[1] https://lore.kernel.org/all/20210922045859.2011227-3-stevensd@xxxxxxxxxx/
v2 -> v3:
- reuse logic for lazily allocating rmap
- fix allocation sizeof argument
- fix potential leak in lazy rmap failure case
v1 -> v2:
- lazily allocate gfn_track when shadow MMU is initialized, instead
of looking at cpuid
arch/x86/include/asm/kvm_host.h | 9 ++--
arch/x86/include/asm/kvm_page_track.h | 6 ++-
arch/x86/kvm/mmu.h | 16 ++++---
arch/x86/kvm/mmu/mmu.c | 61 +++++++++++++++++++++++----
arch/x86/kvm/mmu/page_track.c | 43 ++++++++++++++++++-
arch/x86/kvm/x86.c | 52 ++---------------------
6 files changed, 119 insertions(+), 68 deletions(-)
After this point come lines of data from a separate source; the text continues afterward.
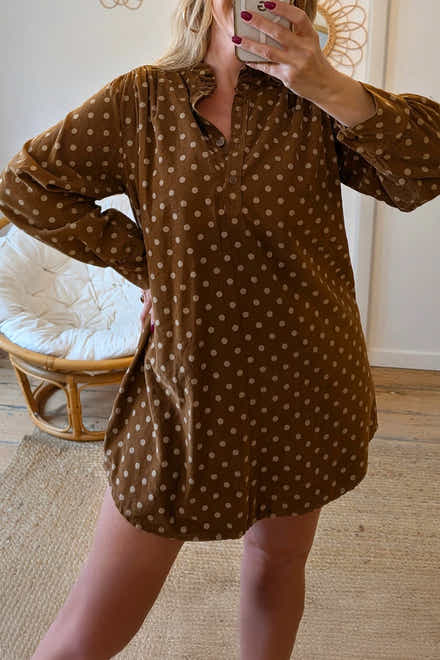 Robe à manches longues à manches longues boutonnée à manches à pois marron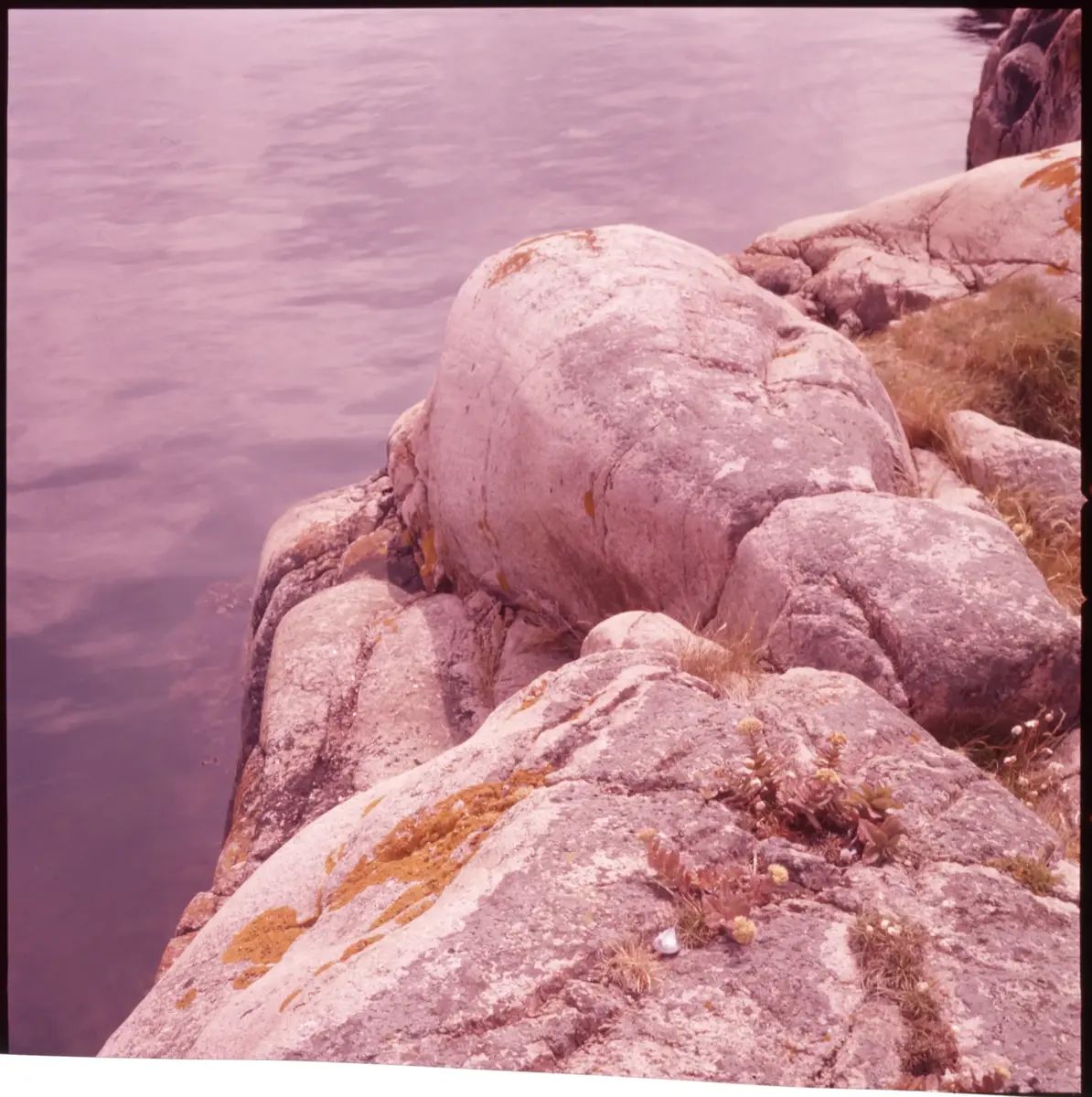 Färgdia: Sol i kölvatten. Hus vid kust. Mot Älvsborgs fästning. Eka i sjö. Halat segel, bergvägg. Vyer. Bergmönster. Par på strand. Sandmönster. Gerlesborg. Kolhättan(?). Solnedgång över havet. Bärnsten(??) och glas. Stenstrand. Nedisad kust, Tjörn. Musselskal. Lavar, posthornssnäcka. Fiskebod, strandväxter. Moln. Hästar betar, vy mot Älvsborgs fästning. Två i kajak. Snö. Kustbåt. Roende. Brygga i dis. Pojke vid eka, vy. Sandstrand med vågor, Hirthals, fiskare går. Musslor, tång, stenar. Söt vik. Hed. Ror eka i sund. Med fiskeläge och segelfartyg. Småbåtshamn, vy.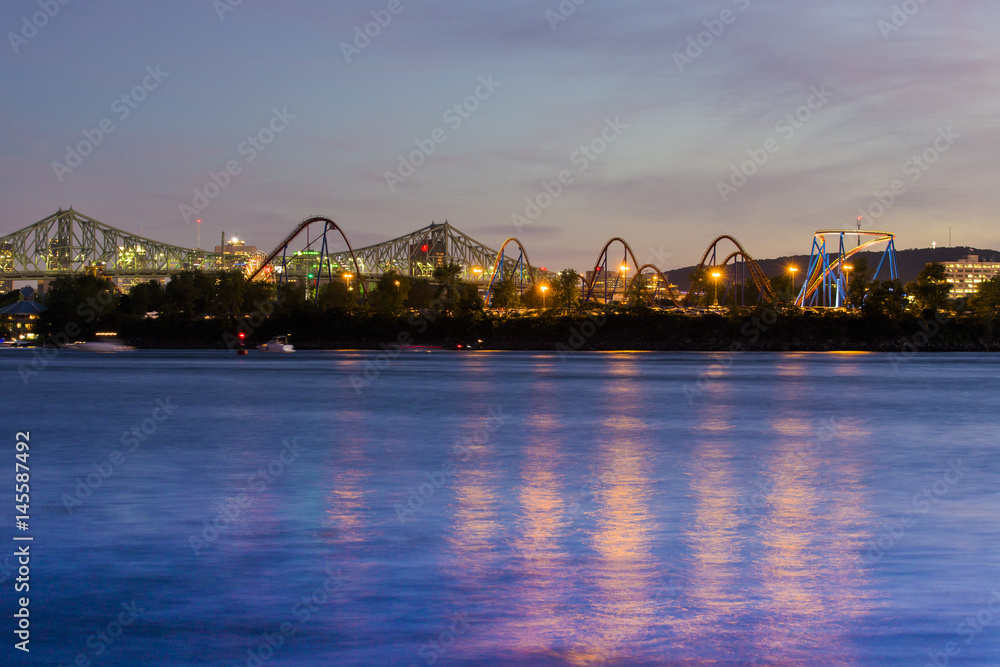 Fototapeta premium Saint Helen's Island (French: Île Sainte-Hélène) at dusk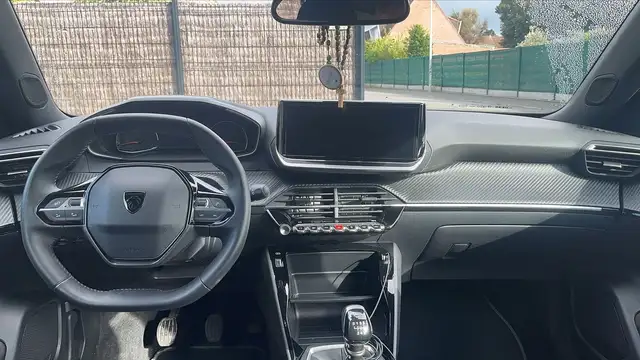 Peugeot 2008 view 11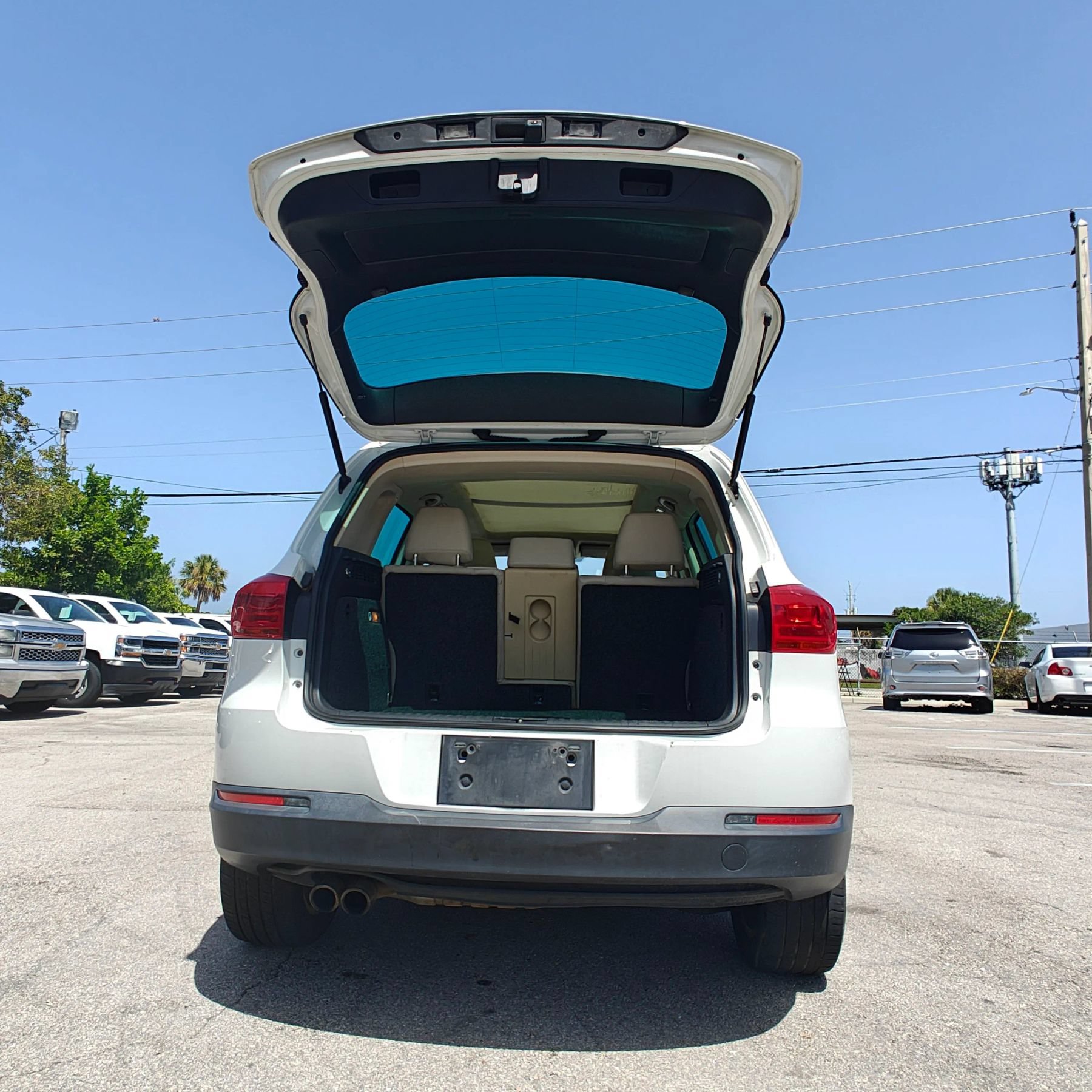 Used 2015 Volkswagen Tiguan SE FWD image 7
diff --git a/arch/x86/include/asm/kvm_host.h b/arch/x86/include/asm/kvm_host.h
index f8f48a7ec577..b883c863490e 100644
--- a/arch/x86/include/asm/kvm_host.h
+++ b/arch/x86/include/asm/kvm_host.h
@@ -1207,10 +1207,11 @@ struct kvm_arch {
#endif /* CONFIG_X86_64 */
/*
- * If set, rmaps have been allocated for all memslots and should be
- * allocated for any newly created or modified memslots.
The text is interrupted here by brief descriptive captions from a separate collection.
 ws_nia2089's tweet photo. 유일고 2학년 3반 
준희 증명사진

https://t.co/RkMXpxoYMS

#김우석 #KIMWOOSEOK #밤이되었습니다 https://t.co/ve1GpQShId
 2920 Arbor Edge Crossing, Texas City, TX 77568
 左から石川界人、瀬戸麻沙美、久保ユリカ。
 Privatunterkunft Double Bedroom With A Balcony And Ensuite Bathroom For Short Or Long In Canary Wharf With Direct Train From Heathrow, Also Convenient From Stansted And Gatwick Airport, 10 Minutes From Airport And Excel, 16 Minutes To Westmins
+ * If set, at least one shadow root has been allocated. This flag
+ * is used as one input when determining whether certain memslot
+ * related allocations are necessary.
*/
- bool memslots_have_rmaps;
+ bool shadow_root_alloced;
#if IS_ENABLED(CONFIG_HYPERV)
hpa_t hv_root_tdp;
@@ -1935,6 +1936,6 @@ static inline int kvm_cpu_get_apicid(int mps_cpu)
int kvm_cpu_dirty_log_size(void);
-int alloc_all_memslots_rmaps(struct kvm *kvm);
+int memslot_rmap_alloc(struct kvm_memory_slot *slot, unsigned long npages);
#endif /* _ASM_X86_KVM_HOST_H */
diff --git a/arch/x86/include/asm/kvm_page_track.h b/arch/x86/include/asm/kvm_page_track.h
index 87bd6025d91d..56bf01c6fc8e 100644
--- a/arch/x86/include/asm/kvm_page_track.h
+++ b/arch/x86/include/asm/kvm_page_track.h
@@ -49,8 +49,12 @@ struct kvm_page_track_notifier_node {
void kvm_page_track_init(struct kvm *kvm);
void kvm_page_track_cleanup(struct kvm *kvm);
+bool kvm_page_track_write_tracking_enabled(struct kvm *kvm);
+int kvm_page_track_write_tracking_alloc(struct kvm_memory_slot *slot);
+
void kvm_page_track_free_memslot(struct kvm_memory_slot *slot);
-int kvm_page_track_create_memslot(struct kvm_memory_slot *slot,
+int kvm_page_track_create_memslot(struct kvm *kvm,
+ struct kvm_memory_slot *slot,
unsigned long npages);
void kvm_slot_page_track_add_page(struct kvm *kvm,
diff --git a/arch/x86/kvm/mmu.h b/arch/x86/kvm/mmu.h
index e9688a9f7b57..e36c883c907b 100644
--- a/arch/x86/kvm/mmu.h
+++ b/arch/x86/kvm/mmu.h
@@ -230,14 +230,20 @@ int kvm_arch_write_log_dirty(struct kvm_vcpu *vcpu);
int kvm_mmu_post_init_vm(struct kvm *kvm);
void kvm_mmu_pre_destroy_vm(struct kvm *kvm);
-static inline bool kvm_memslots_have_rmaps(struct kvm *kvm)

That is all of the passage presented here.